• [Exercise description] Give all of the records again precisely, excluding whatever pictures they contain.

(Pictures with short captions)
=== Section Start ===

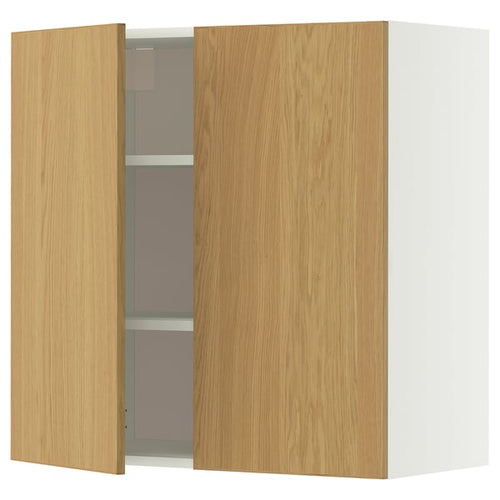 METOD wall cabinet with shelves/2 doors, white/Sinarp oak veneer, 80x80 cm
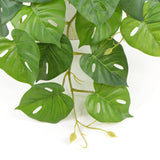 Decorative Ceramic Bowl Potted Artificial Monstera Plant 30cm - Front View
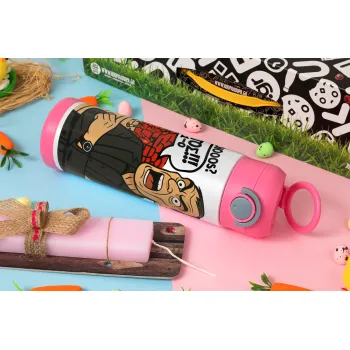 Μπαρτζό, Ποιος? Αυτός!!! 1-0, Easter candle, Childrens hot water bottle, stainless steel, with safety straw, PINK (500ml)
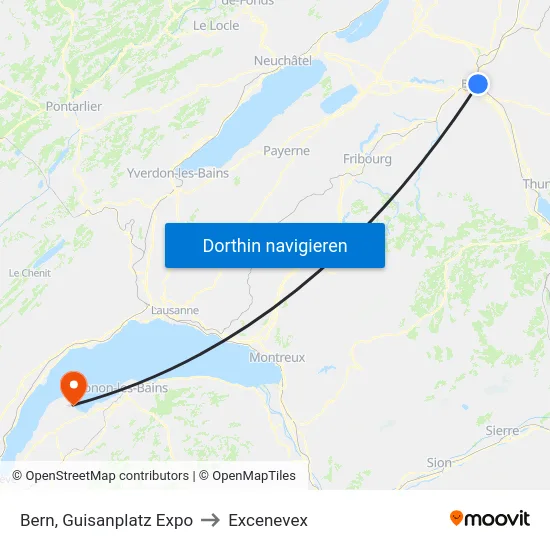 Bern, Guisanplatz Expo to Excenevex map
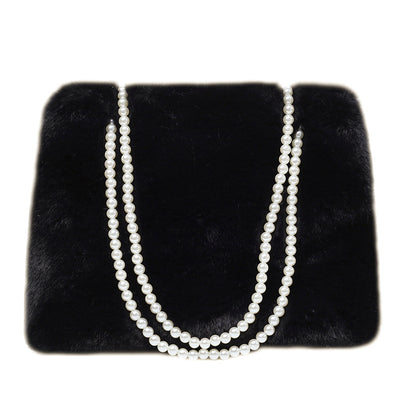 Bolso de Hombro Pearl Plush de Gran Capacidad con Detalles Perlados - Image 5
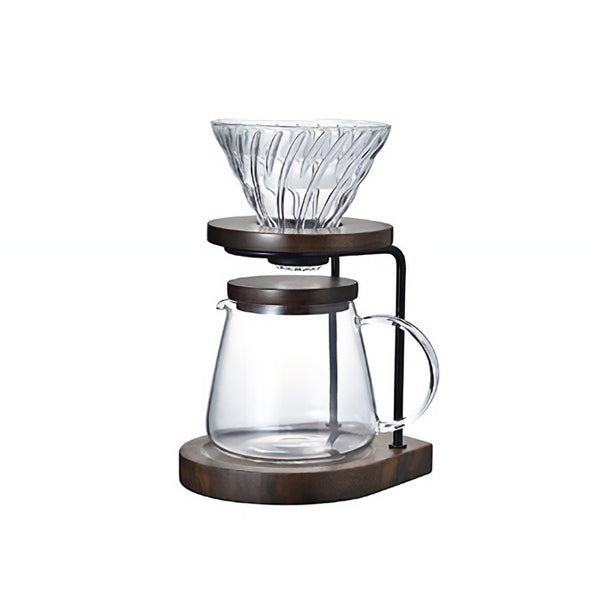 Hario Drip Stand Set in Walnut Wood Finish with Heatproof Glass Server, 600ml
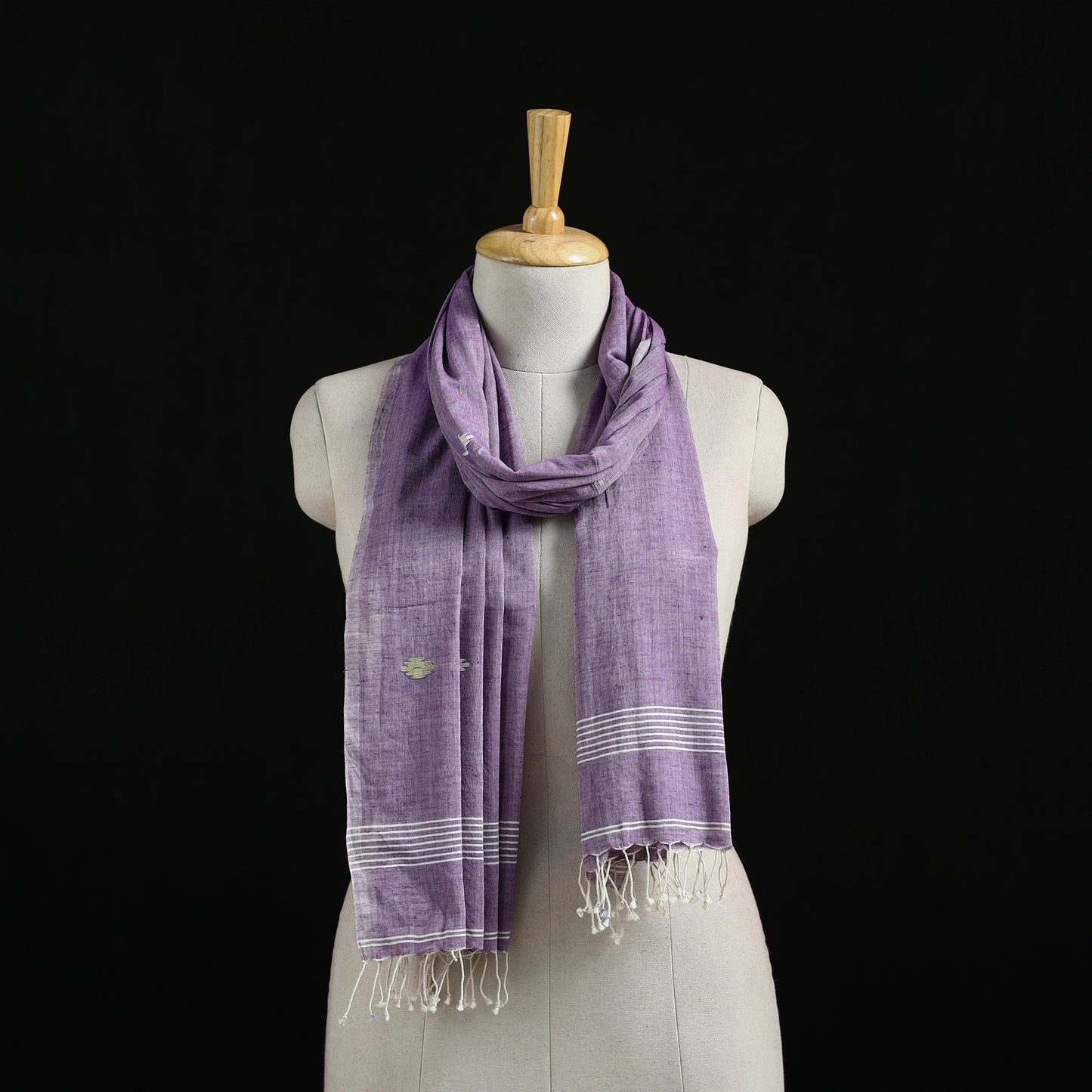 Purple - Burdwan Jamdani Handloom Cotton Stole with Tassels 07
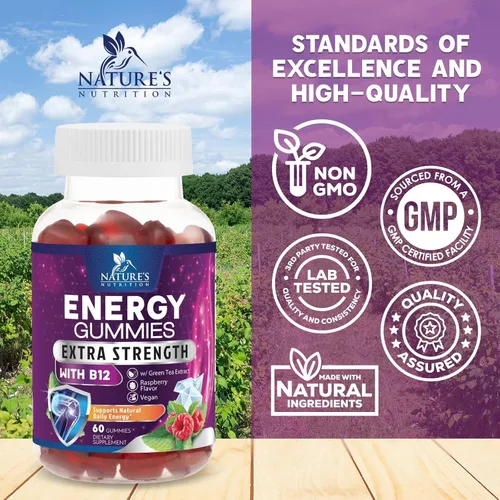 Vista 4 de Energy Gummies – Vitamina B12 1000mcg – 3 veces gomas de energía limpia y concentración con cafeína natural de té verde – Suplemento de ejercicio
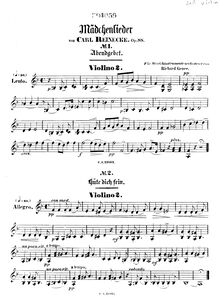 Partition violons II, Mädchenlieder, Chansons de Jeunes Filles, Reinecke, Carl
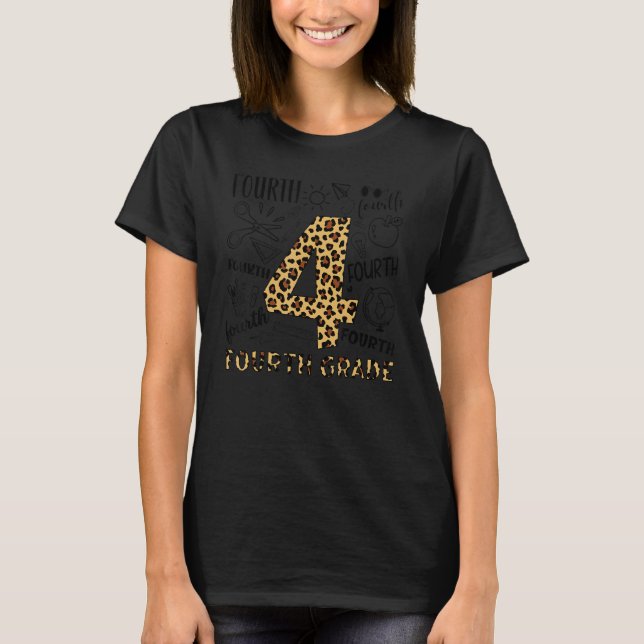 Leopard 4th Grade Typography Team Fourth Grade Tea T-Shirt (Front)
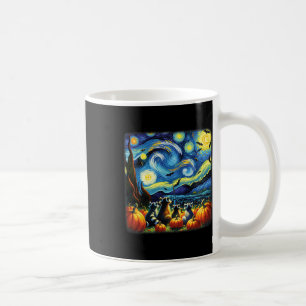 Taza De Café Raccoon Fall Halloween Van Gogh Starry Night Pumpt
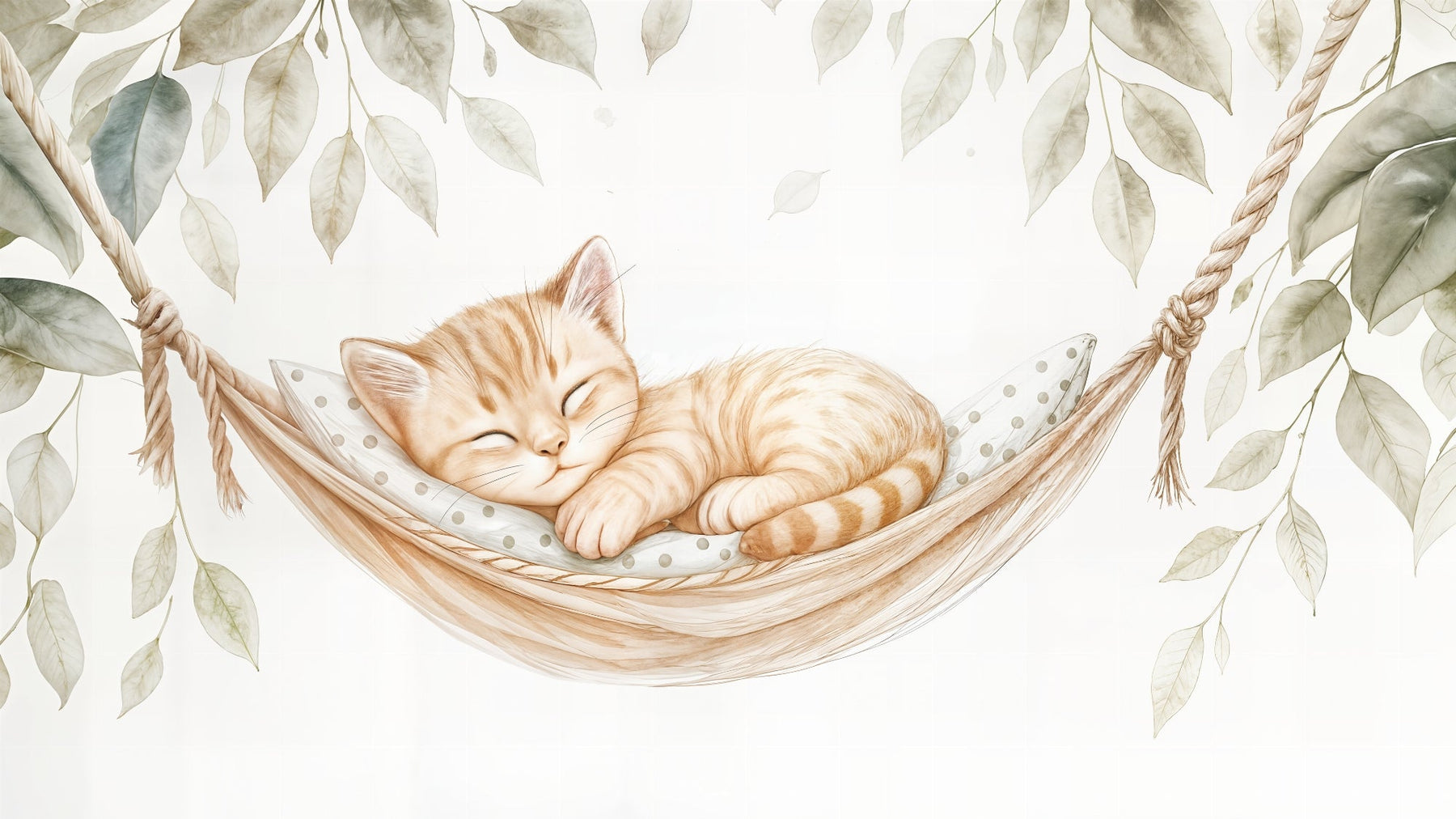 Detailed sleepy kitten in hammock mural wallpaper design pattern by Kids-Mundo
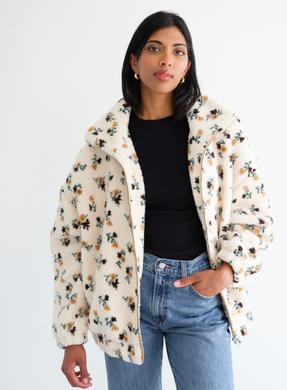 BRUNETTE THE LABEL - Floral Sherpa Jacket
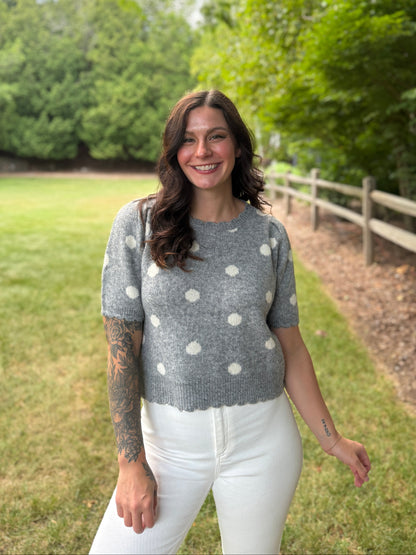 Polka Dot Short Sleeve Sweater Top Grey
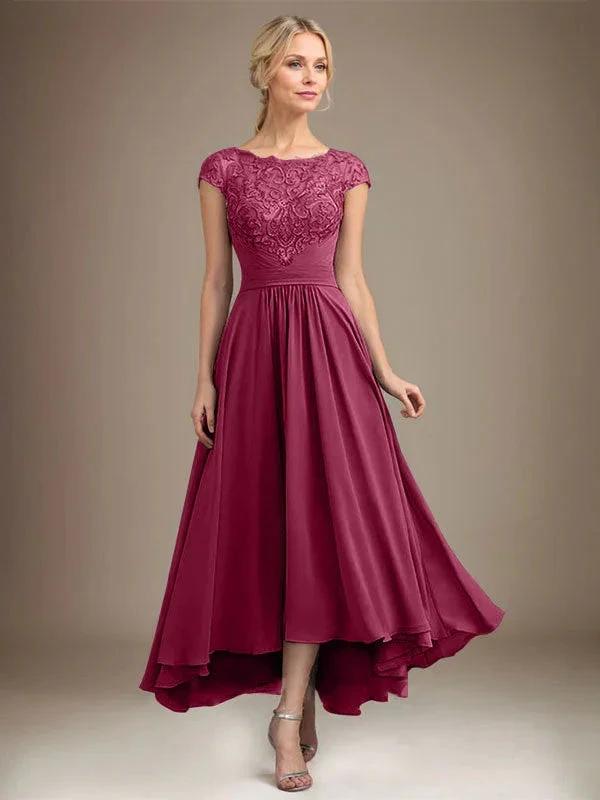 A-line Scoop Illusion Asymmetrical Lace Chiffon Mother of the Bride Dress With Pleated by Dreamylily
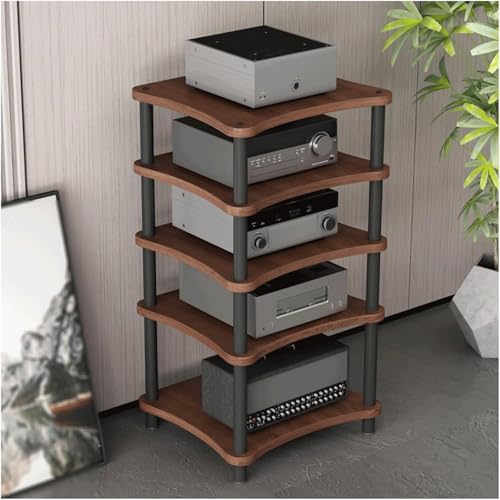 DUddTTW Audio-Rack 2/3/4/5-stufiges Stereo-Rack Audio-Geräte-Rack Offenes Audio-Rack-Schrank AV-Schrank Langlebiges Audio-Video-Regal HiFi-Rack(Walnut,5 Tier)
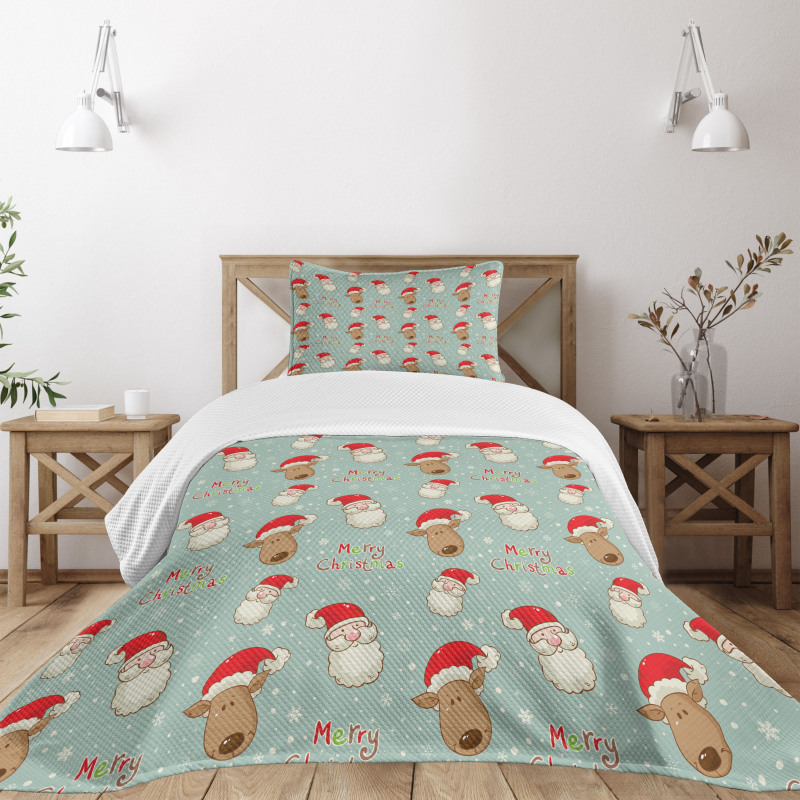 Santa Deer Vintage Bedspread Set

=== Section End ===

• [Solution to this task]
 METOD wall cabinet with shelves/2 doors, white/Sinarp oak veneer, 80x80 cm
 Decorative Ceramic Bowl Potted Artificial Monstera Plant 30cm - Front View
 Μπαρτζό, Ποιος? Αυτός!!! 1-0, Easter candle, Childrens hot water bottle, stainless steel, with safety straw, PINK (500ml)
 Bern, Guisanplatz Expo to Excenevex map
 Bolso de Hombro Pearl Plush de Gran Capacidad con Detalles Perlados - Image 5
 Hario Drip Stand Set in Walnut Wood Finish with Heatproof Glass Server, 600ml
 Purple - Burdwan Jamdani Handloom Cotton Stole with Tassels 07
 Vista 4 de Energy Gummies – Vitamina B12 1000mcg – 3 veces gomas de energía limpia y concentración con cafeína natural de té verde – Suplemento de ejercicio
 Partition violons II, Mädchenlieder, Chansons de Jeunes Filles, Reinecke, Carl
 Leopard 4th Grade Typography Team Fourth Grade Tea T-Shirt (Front)
 Taza De Café Raccoon Fall Halloween Van Gogh Starry Night Pumpt
 Detailed sleepy kitten in hammock mural wallpaper design pattern by Kids-Mundo
 BRUNETTE THE LABEL - Floral Sherpa Jacket
 Polka Dot Short Sleeve Sweater Top Grey
 A-line Scoop Illusion Asymmetrical Lace Chiffon Mother of the Bride Dress With Pleated by Dreamylily
 DUddTTW Audio-Rack 2/3/4/5-stufiges Stereo-Rack Audio-Geräte-Rack Offenes Audio-Rack-Schrank AV-Schrank Langlebiges Audio-Video-Regal HiFi-Rack(Walnut,5 Tier)
 Santa Deer Vintage Bedspread Set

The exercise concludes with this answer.